Дальше черкано, видно, мать ругала Петра Страхолюда, а потом, вспомнив, что о мертвых нельзя худо, вымарала все. Сусанна не могла на нее обижаться – знала, отчего мать так сурова.
«Приедет за тобою да детками твоими отец по зиме или лете. Не перечь матери, езжай к нам, к отцу, матери да сестрице». Так дальше и дальше, словно чернила и сила материнской руки не заканчивались.
Представляла, как уедет из своего дома, из Тобольска… Уедет от мужниной могилы и места, где захоронен сынок, – и убирала письмецо в сундук.
Всякую пятницу приходили Домна и Евся. Она принимала их со всей сердечностью, улыбалась шуткам. В шесть рук они пряли, ткали, шили.
Успокаивала псов, что посреди ночи поднимали лай.
Шугала дочкиного кота: тот, принесши к порогу мышей, требовал сметаны и свежей куриной требухи.
Сусанна вела себя так, словно она жива. Словно она справилась. Словно забыла за эти два скудных месяца своего любимого мужа и обратилась к будущему.
Да разве можно забыть?
Разве можно стать равнодушной, разве можно годы счастья обратить в тлен?
* * *
Сусанна чистила песком котлы да горшки. Дети крутились рядом. Братцы скакали, оседлав две метелки, изображали смелых казаков, Полюшка и ее свирепый друг недовольно щурились. Дочкины ручонки гладили кота, зарывались в его лохматую шкуру, и Сусанна боялась, как бы зверина не вцепилась в ее драгоценное дитя.
Вдруг Полюшка покрутила головенкой, рванула через скачущих братцев и встала супротив матери.
Сусанна подняла голову и улыбнулась. Но лицо дочки было серьезным.
– Матушка, Иисус восклес, да? И батюшка наш может?
Она посадила дочку рядом – на колени к матери та давно не шла, будто винила ее за то, что отец пропал. Сусанна была красноречива как никогда. Убеждала дочку, что батюшкина душа там, на небесах, что почившие восстанут лишь в День Страшного Суда. О том знала немного, из проповедей священников да Петровых рассказов, но попыталась молвить что-то внятное деткам.

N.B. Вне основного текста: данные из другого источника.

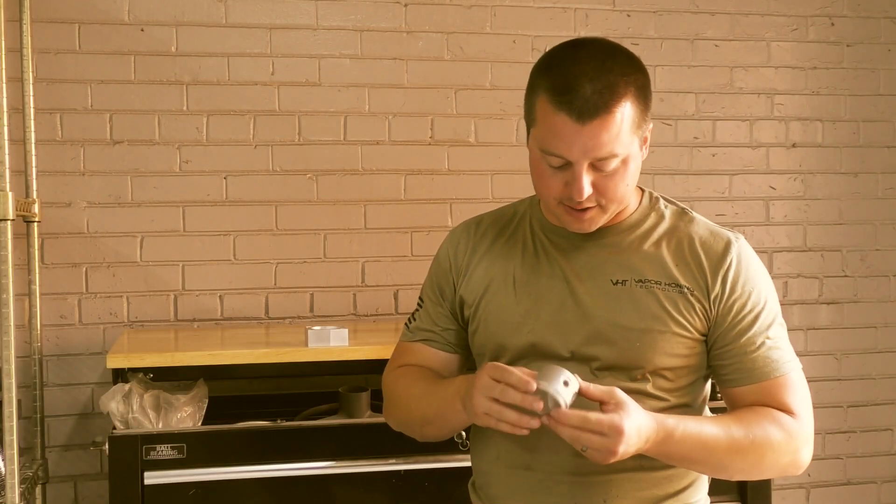Hey guys, John here with Vapor Honing Technologies today, doing a wet versus dry glass bead comparison. What we've done is taped the part half and half.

Братцы, услыхав речи ее, затихли. Тимоха слушал ее, да все не верил – видела по упрямо сжатым губам, по тому, как впивался сильными пальцами в лавку. Фомушка был тут же, он кивал своей стриженой головенкой, и неясно было, кому он поддакивает – матери или братцу. А доченька, малая кроха, послушала да пошла туда, где лики Богоматери, Иисуса Христа и Апостола Петра взирали на глупых маетных спорщиков.
– Восклеси! – сказала она. Будто не просила – приказывала.
Святотатство, грех, не понимает дочка ничего, кроха еще. Верит сердцем своим, что исполнят просьбу… Ее кот, будто поняв, что малая хозяйка просит что-то несусветное, принялся крутиться у ног ее и тихонько мявкать.
Полюшка постояла немного, ожидаючи ответа, и опять сказала, с силой, что поразила Сусанну:
– Восклеси!
А потом отпихнула от себя кота с яростью, кою и нельзя было представить в такой милой девчушке.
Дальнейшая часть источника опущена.